TIFF ’15: Navigating Hyena Road

Rhombus Media's Niv Fichman on the origin story behind Paul Gross' latest feature, the second war film on which Rhombus and the director have collaborated.

When Rhombus Media founding partner Niv Fichman learned Paul Gross was heading to Afghanistan to shoot footage for what could be his second war film, he now jokes there was a part of him that didn’t want it to work out.

He previously worked with Gross on 2008’s big-budget Passchendaele and was well acquainted with the challenges of shooting a large-scale war film.

“I was hoping the whole time that he wouldn’t be able to do it and it would all fall apart, or the script sucked, because it’s just so hard to put together military films. But, damn it, the first draft of the script was fantastic and I was hooked,” Fichman told Playback Daily ahead of Hyena Road‘s world premiere at TIFF on Sept. 14.

Following the release of Passchendaele, Gross was invited by the Canadian Forces to Afghanistan in 2010 to speak to troops stationed there, and he was inspired to find a way to tell their stories to a wider audience. Gross later got permission from the Canadian Forces to return with a camera crew and film whatever he was allowed to shoot, and spent his nights talking to soldiers.

He used that experience and those stories from soldiers to help shape his script for Hyena Road, with much of the footage he shot during that time made it into the final feature, Fichman said. For example, raw footage Gross shot during a helicopter firefight is featured in Hyena Road.

“If that was an American movie it would have been staged, and would have cost something like $2 million to shoot just that. It has incredible production value,” Fichman said of the scene.

The majority of Hyena Road‘s interior shots were done at CFB Shilo in Brandon, Manitoba, with exterior shots completed in Jordan (at one point, the producers had to issue a press release to smooth over relations with locals after they accidentally blew up a cemetery wall while filming a chase scene in Jordan).

In the end, it took about three years for the filmmakers to get the financing together to fill out the $12.5 million budget for Hyena Road, which included private equity, tax credits, Telefilm financing, funding from the Wounded Warriors charity and a healthy advance on international sales, Fichman said. The highly “Canadian” nature of the film made it somewhat difficult to finance, Fichman admitted, but he believes it can do well abroad.

“I think this one – more so than Passchendaele – has a real chance to be released internationally and on a larger scale because it’s current and it’s a very emotional, gripping, action-packed war story that happens to be Canadian,” Fichman said.

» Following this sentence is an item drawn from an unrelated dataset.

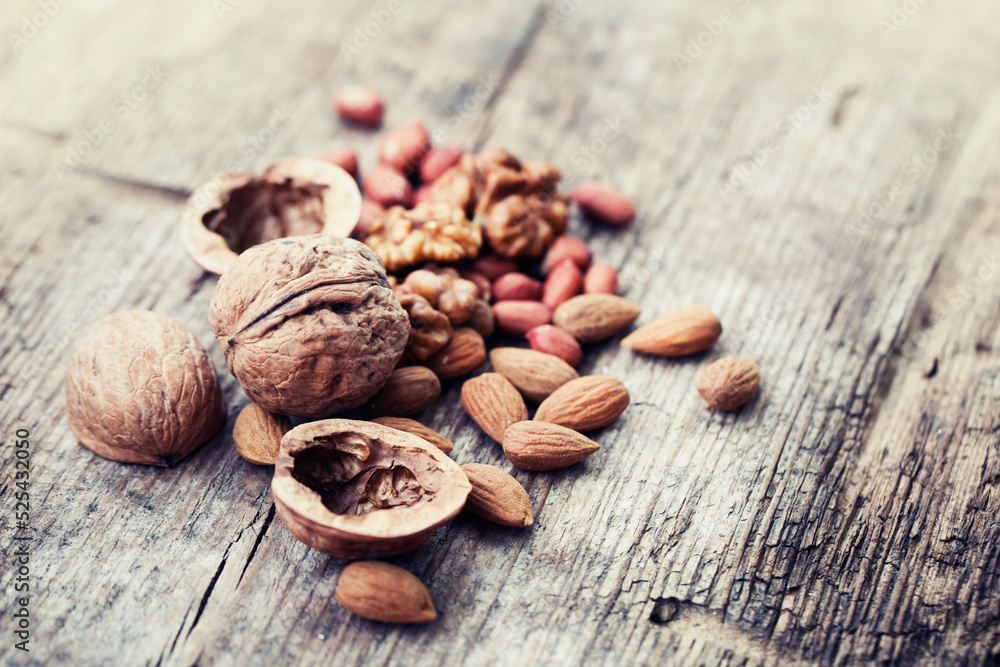 various types of nuts closeup over wooden background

Similar to Passchendaele, the filmmakers decided to build up momentum in the Canadian market before Hyena Road‘s theatrical run, which will start on Thanksgiving weekend with Canadian distributor Elevation Pictures placing the film on 230 screens across across Canada. Ahead of its theatrical release, the film will also open the Atlantic Film Festival and will screen in festivals in Calgary, Vancouver and Edmonton, with a special event screening hosted by the premiere of Manitoba scheduled for Sept. 23.

“The strategy – very much like Passchendaele – was that the film would be released in the fall and not wait for an American sale or any other sale because it had such legs in Canada,” Fichman said.

Hyena Road is produced by Rhombus Media, along with Triple 7 Films, Buffalo Gal Pictures and Bron Creative. Fichman and Gross produce, with Victor Loewy, Frank Siracusa, Mirwais Alizai, Aaron L. Gilbert and Jason Cloth serving as executive producers.

WTFilms is Hyena Road’s international sales agent, while Creative Artists Agency is the U.S. sales agent.